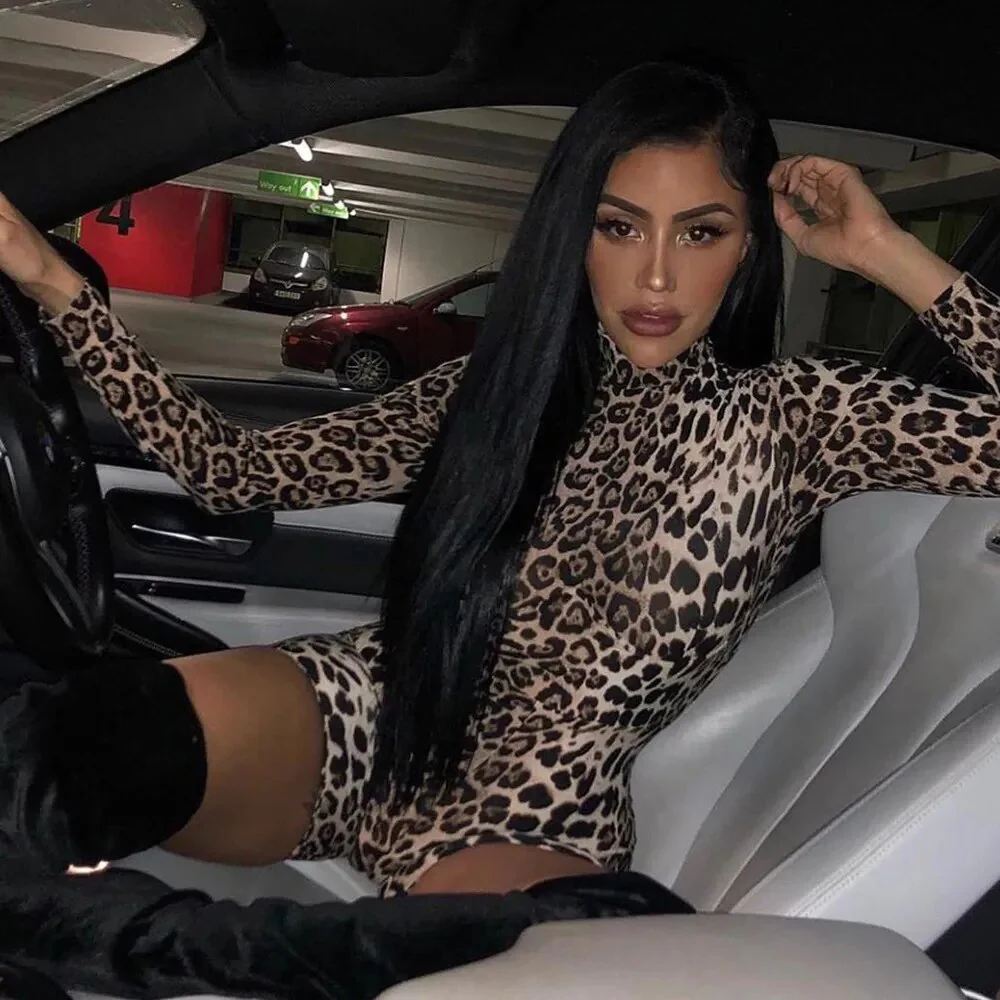 OMSJ 2019 High Quality Autumn Winter Bodycon Playsuits Fitness Casual Biker Jumpsuits Long Sleeve Leopard Print Stretch Rompers - Image 2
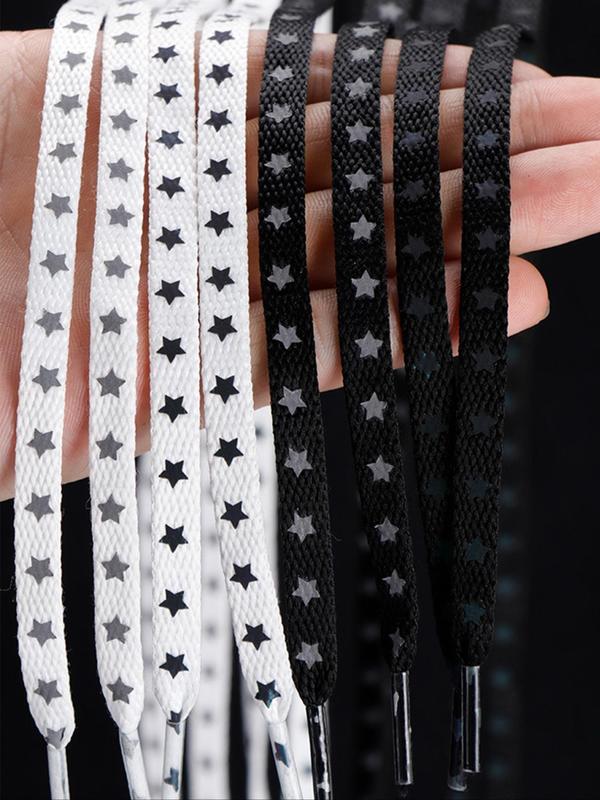 Star Pattern Shoelaces, Reflective Shoelaces for Women & Men, Shoes Accessories for Sneakers, Shoes Decorations for Daily Use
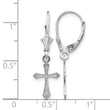 14k White Gold Cross Leverback Earrings - Birthstone Company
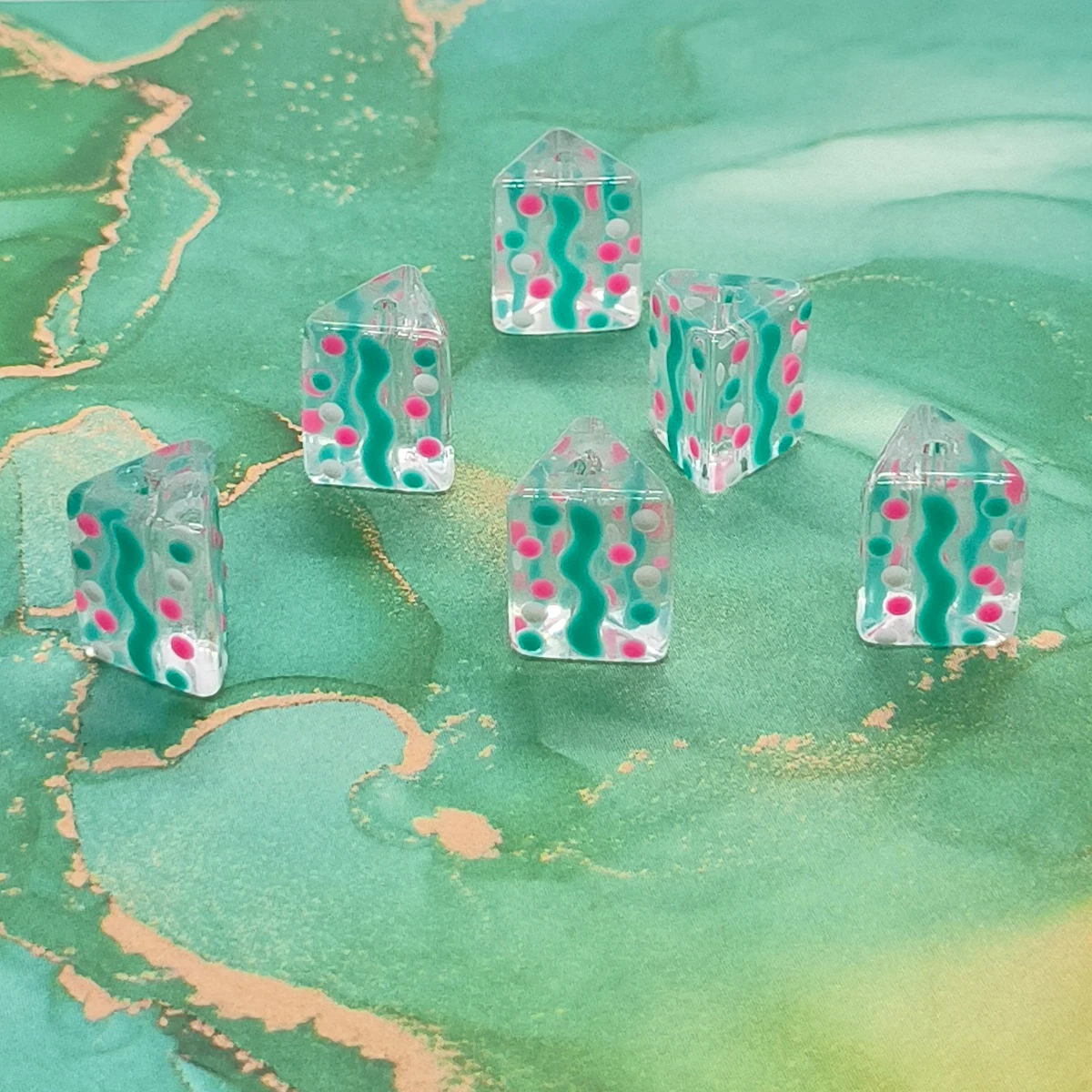 Mint Green Wave Glass Beads 12mm Triangular Transparent Charms 4pcs 8pcs for DIY Jewelry Making Bracelet Necklace Gift
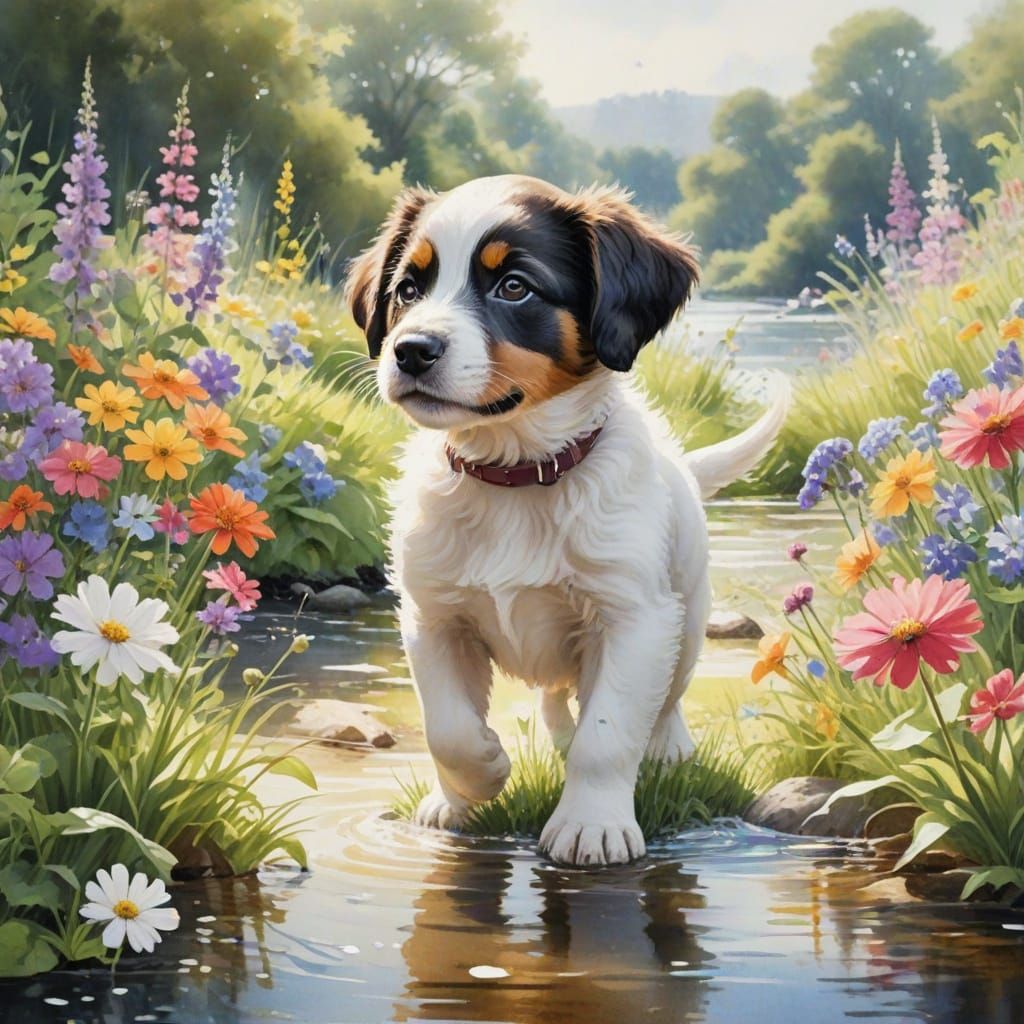 Puppy in a Sunlit River Garden: Watercolor Fine Art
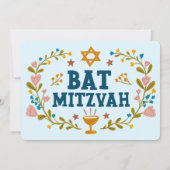 Bloemenkrans Bat Mitzvah Hand-getrokken Custom Kaart (Achterkant)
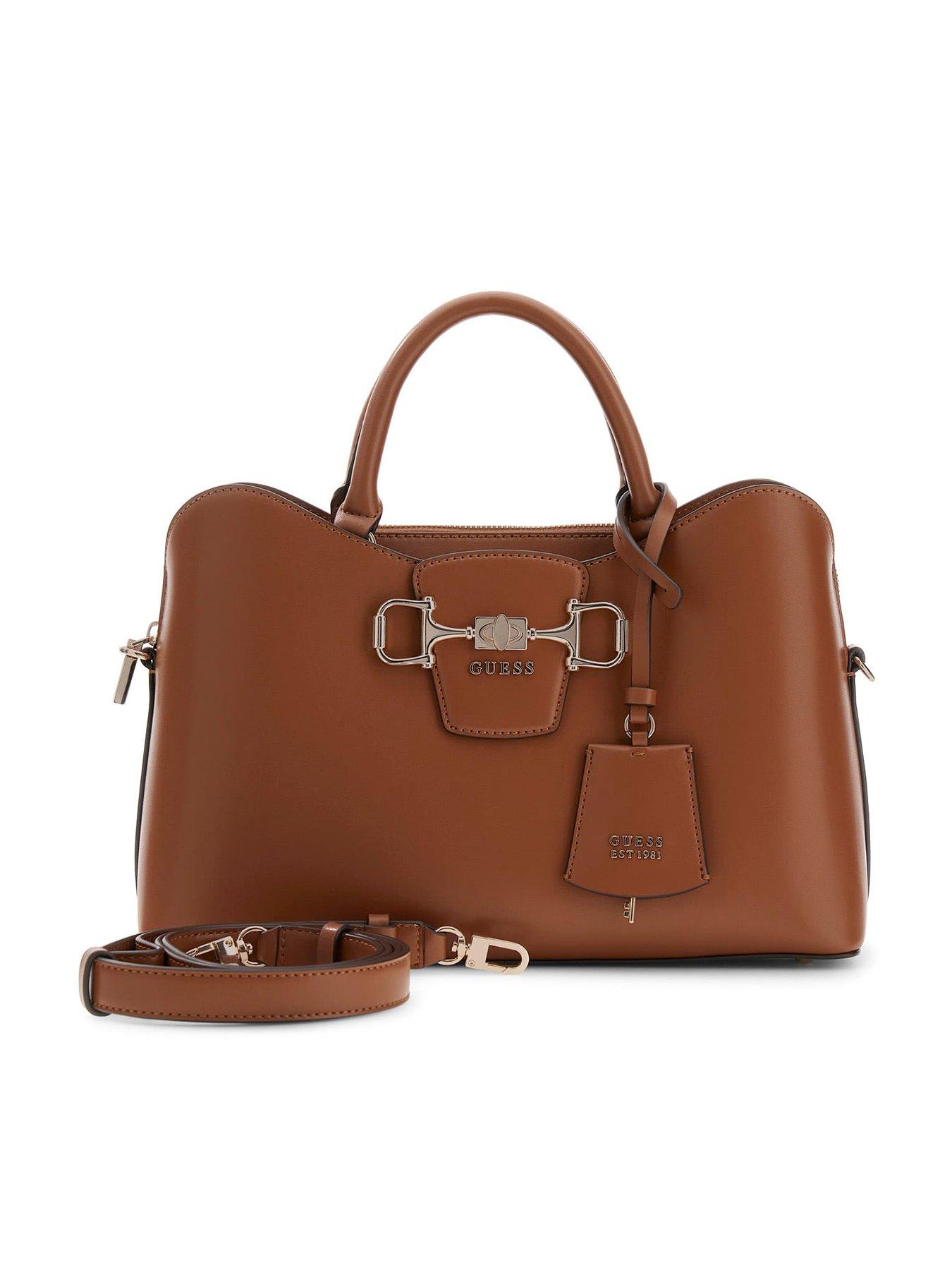 Guess Janie Girlfriend Satchel Bag - Brown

+ + + + +

■ **YOUR OBJECTIVE**
Once the line with "14k White Gold" is found, write out that line and every later line of the listing above exactly, through the last one, and skip any pictures.

■ **RESPONSE TO THIS TASK**
 14k White Gold Cross Leverback Earrings - Birthstone Company
 Mint Green Wave Glass Beads 12mm Triangular Transparent Charms 4pcs 8pcs for DIY Jewelry Making Bracelet Necklace Gift
 Puppy in a Sunlit River Garden: Watercolor Fine Art
 Bloemenkrans Bat Mitzvah Hand-getrokken Custom Kaart (Achterkant)
 Guess Janie Girlfriend Satchel Bag - Brown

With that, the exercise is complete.